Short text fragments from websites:
++++++++++++++++++++

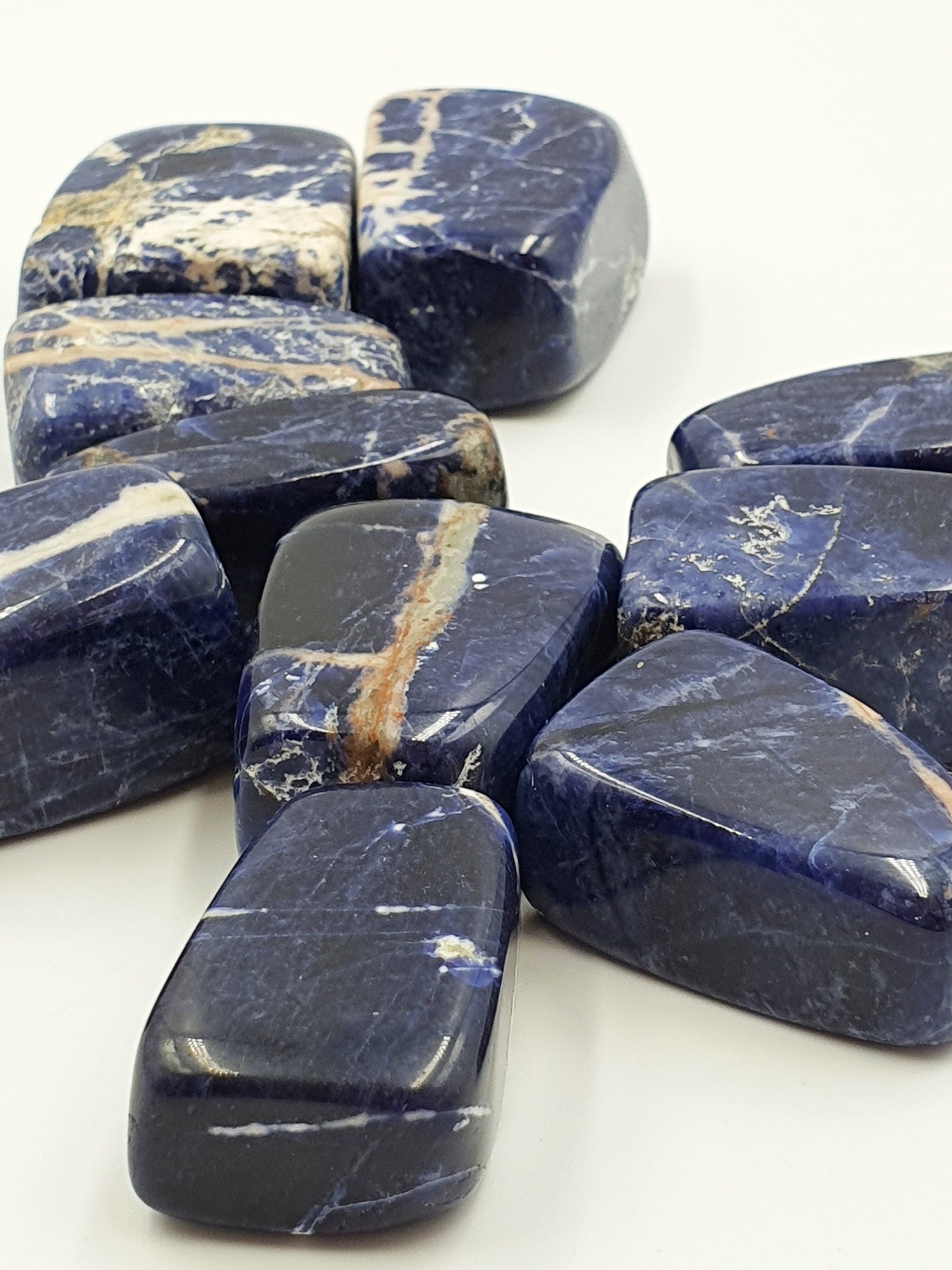 Sodalite (Large) Tumbles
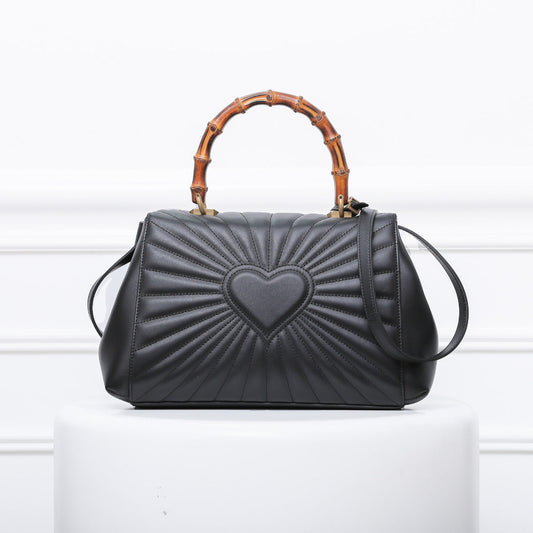 Gucci Black Queen Margaret Bamboo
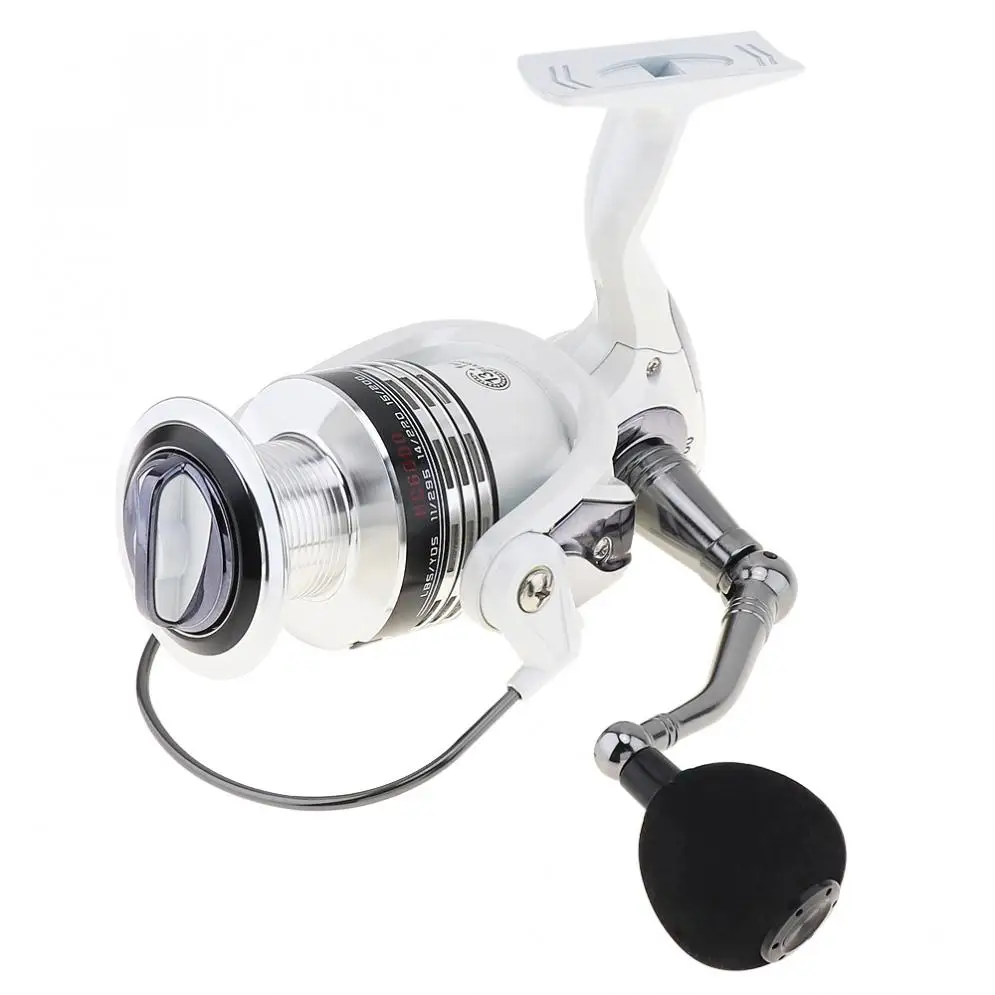 6000 Series 13+1 Ball Bearings 5.2:1 Fishing Reel Fishing Spinning Reel Fishing Tackle Reel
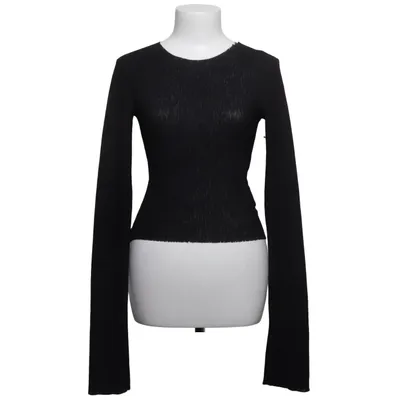 T-shirt à manches longues (Noir) de A-DSGN Élasthane, Polyester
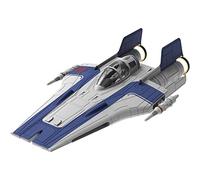 REVELL 06762 1/144 Star Wars Build & Play Resistance A-wing Fighter, blue (Episo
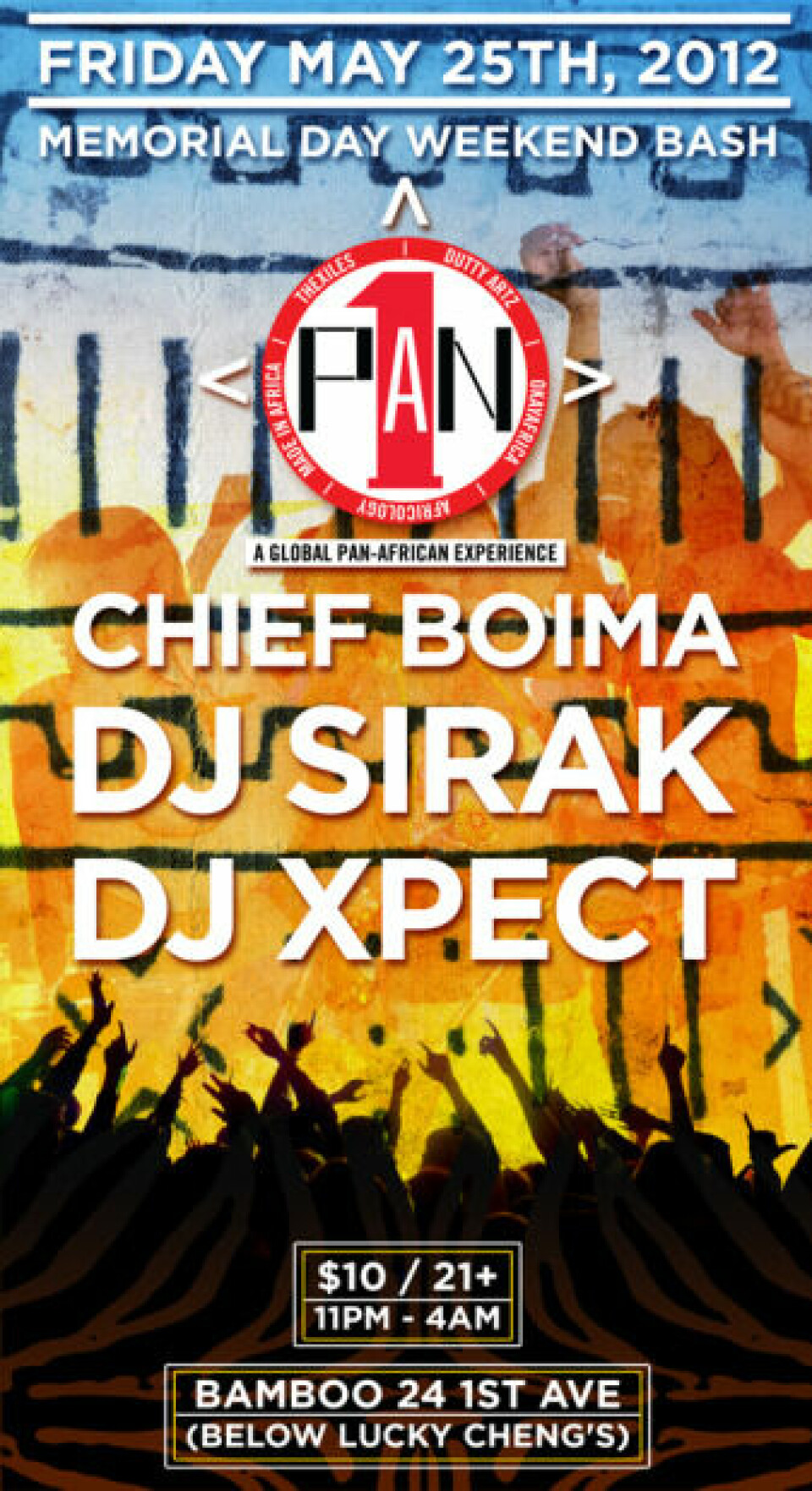 NYC: Memorial Day Weekend Bash In East Village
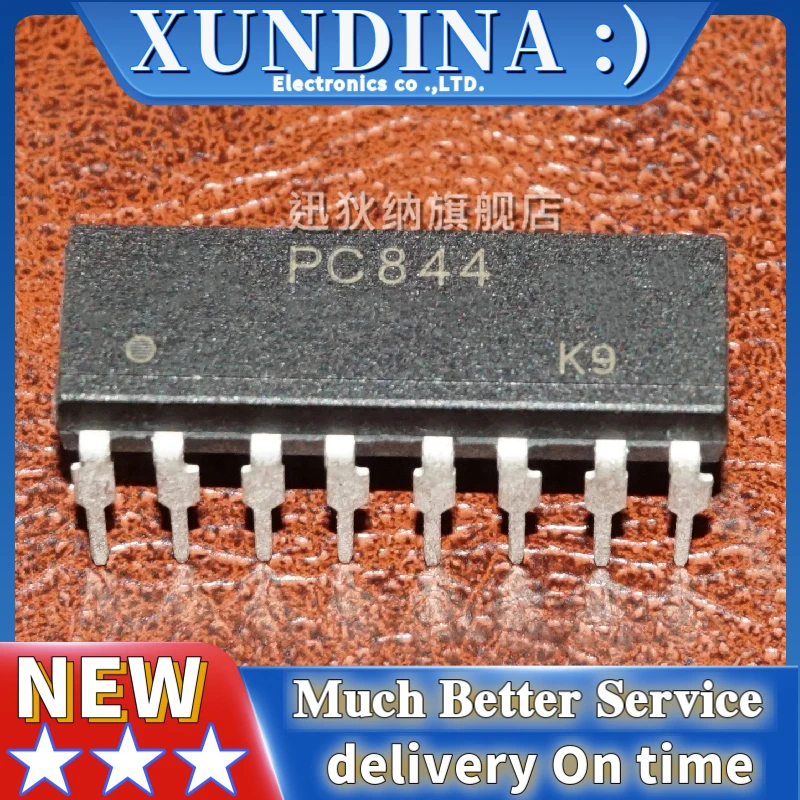 

10 шт./лот PC844 844 DIP16 Новый и оригинальный IC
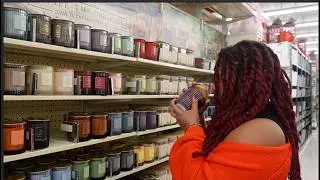 Проведу день со мной, интровертом. Видеоблог о спортзале и декоре дома от Hobby Lobby.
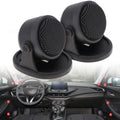 2X Dome Tweeters for Car (Universal)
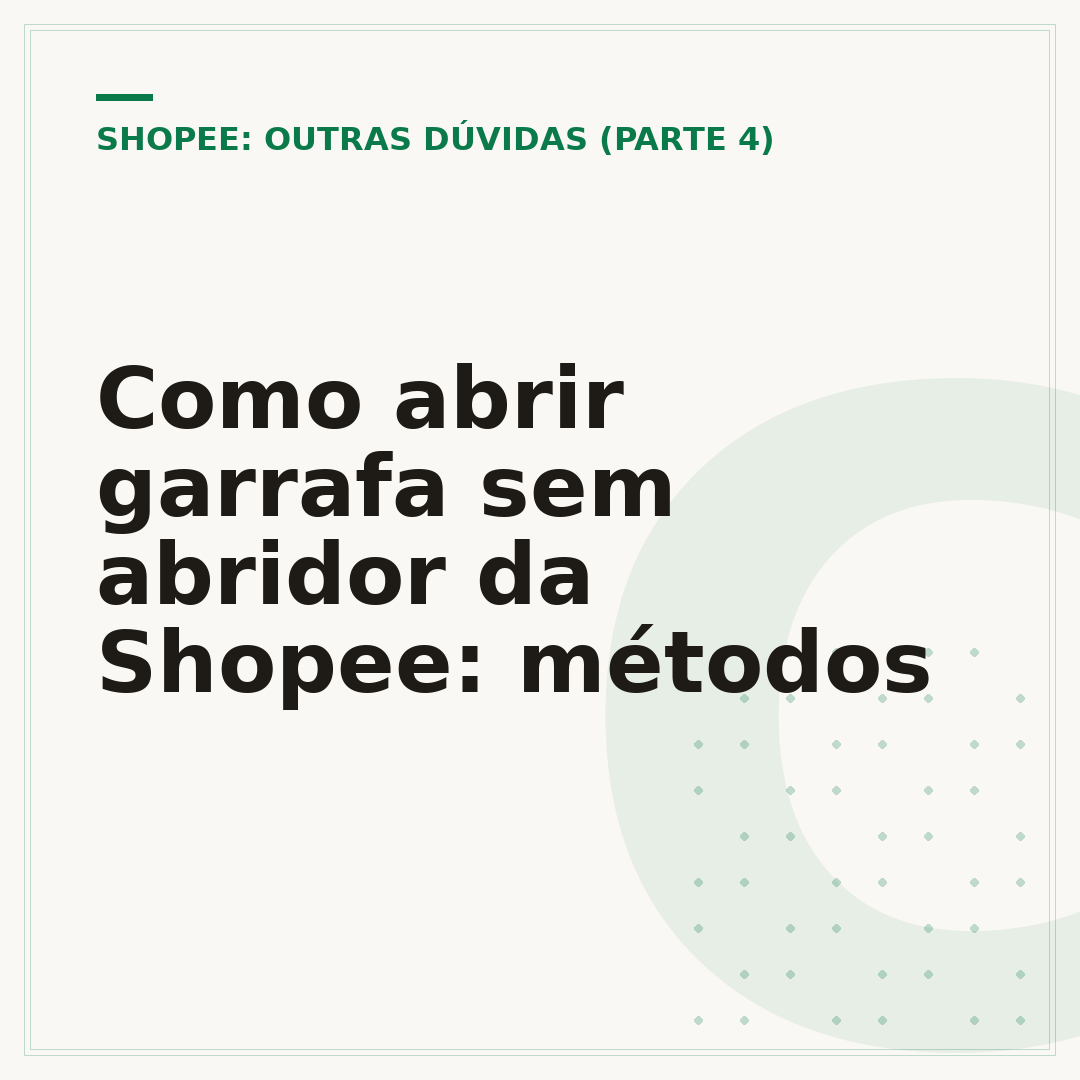 Como abrir garrafa sem abridor da Shopee: métodos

++++++++++++++++++++

Try it - Up to and including the line that holds "NYC: Memorial Day", restate word for word each line of the records from their start, and only those lines, leaving out the pictures.

Solution to this task -
 Sodalite (Large) Tumbles
 Gucci Black Queen Margaret Bamboo
 6000 Series 13+1 Ball Bearings 5.2:1 Fishing Reel Fishing Spinning Reel Fishing Tackle Reel
 T-shirt à manches longues (Noir) de A-DSGN Élasthane, Polyester
 REVELL 06762 1/144 Star Wars Build & Play Resistance A-wing Fighter, blue (Episo
 NYC: Memorial Day Weekend Bash In East Village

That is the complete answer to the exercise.